At this time I need to point out an important fact. In the first example you could specify what script processed your URL. In this example all URLs must be processed by the same script, processor.php, which makes things a little different. Instead of creating different URLs depending on what you wanted to do, such as article.php/999/12 or printarticle.php/999/12 or category.php/13 you only have 1 script that must do both.

So your processor.php must decide what to do with the information it gets. Usually you can do this by counting how many parameters are passed. For instance on one of my sites, http://www.online-literature.com, I use this method to generate my pages. I know if there is just one parameter, such as http://www.online-literature.com/shakespeare/, that I need to load an author information page, if there are 2 parameters, such as http://www.online-literature.com/shakespeare/hamlet/, I know that I need to load a book information page, and finally if there are 3 parameters, such as http://www.online-literature.com/shakespeare/hamlet/3/, I know I need to load a chapter viewing page. Alternatively, you can just use the first parameter to indicate the type of page to display, and then process the remaining parameters based on that.

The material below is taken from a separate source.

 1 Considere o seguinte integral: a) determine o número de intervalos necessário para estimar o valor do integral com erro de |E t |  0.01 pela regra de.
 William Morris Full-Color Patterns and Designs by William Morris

There are 2 ways you can accomplish this task of counting parameters. First, as in the PATH_INFO method, you need to use PHP's explode function to divide up the $REQUEST_URI variable. So if $REQUEST_URI = /shakespeare/hamlet/3/:

$var_array = explode("/",$REQUEST_URI);

Now note because of the positioning of the /'s there are actually 5 elements in this array. The first element, element 0, is blank because it contains the information before the first /. The fifth element, element 4, is also blank because it contains the information after the last /.

So now we need to count the elements in our $var_array. PHP has two functions that let us do this. We can use the sizeof() function as in this example:

$num = sizeof($var_array); // 5

You'll notice that the sizeof() function counts every item in the array regardless if it is empty. The other function is count(), which is an alias for the sizeof() function. This meants we cannot use this function...

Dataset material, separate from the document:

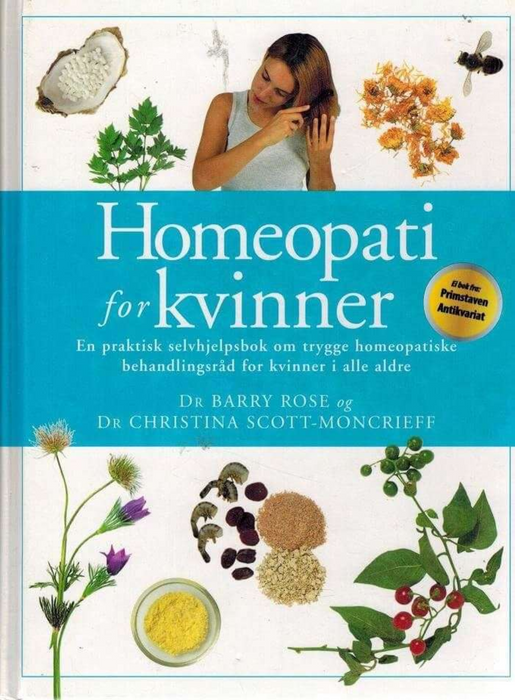 Homeopati for kvinner en praktisk selvhjelpsbok om trygge homeopatiske behandeling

You see, some search engines, like AOL, will automatically remove the trailing / from your URL, and this can cause a problem if you're using these functions to count your array. For instance http://www.online-literature.com/shakespeare/hamlet/ becomes http://www.online-literature.com/shakespeare/hamlet and since there are 3 total elements in the array our processor.php would load an author page instead of a book page. Additionally users will do it too by accident, and you do not want to leave them hanging. So you need to be able to accurately count the number of elements in the array.

The solution is to create a function that will count only the elements in an array that hold data. This will allow you to leave off the ending / or to allow any links that leave off the trailing slash still get to the right place.

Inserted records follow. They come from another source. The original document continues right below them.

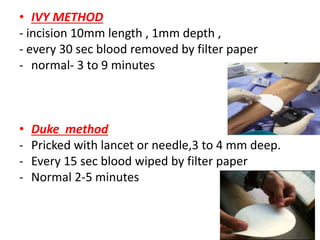 • IVY METHOD
- incision 10mm length , 1mm depth ,
- every 30 sec blood removed by filter paper
- normal- 3 to 9 minutes
• Duke method
- Pricked with lancet or needle,3 to 4 mm deep.
- Every 15 sec blood wiped by filter paper
- Normal 2-5 minutes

An example of such a function is below.

function count_all($arg) { 

// skip if argument is empty 
	if ($arg) { 

// not an array, return 1 (base case) 
	if(!is_array($arg)) 
	return 1; 

// else call recursively for all elements $arg 
	foreach($arg as $key => $val) 
		$count += count_all($val); 

	return $count; 
	} 
}

Then to get your count you can access the function like this:

$num = count_all($url_array);

Once you know how many parameters are needed you can define them like this:

$author=$var_array[1]; $book=$var_array[2]; $chapter=$var_array[3];

And then you can use includes to call up the appropriate script that will query your database and set up your page.

Also if you get a result you're not expecting you can simply create your own error page for display to the browser.

Drawback:

The main drawback of this method is that you effective destroy any usefulness your error logs have as every page view will result in another line in the error log. However, this can be offset by the main benefit of this method which is that you can build it directly off your root. All the other methods require an intermediary script, like article or category, with this one you can start right off the root like I do on my literature site and I think that can provide a cleaner look (and certainly shorter URLs) depending on how you structure your content.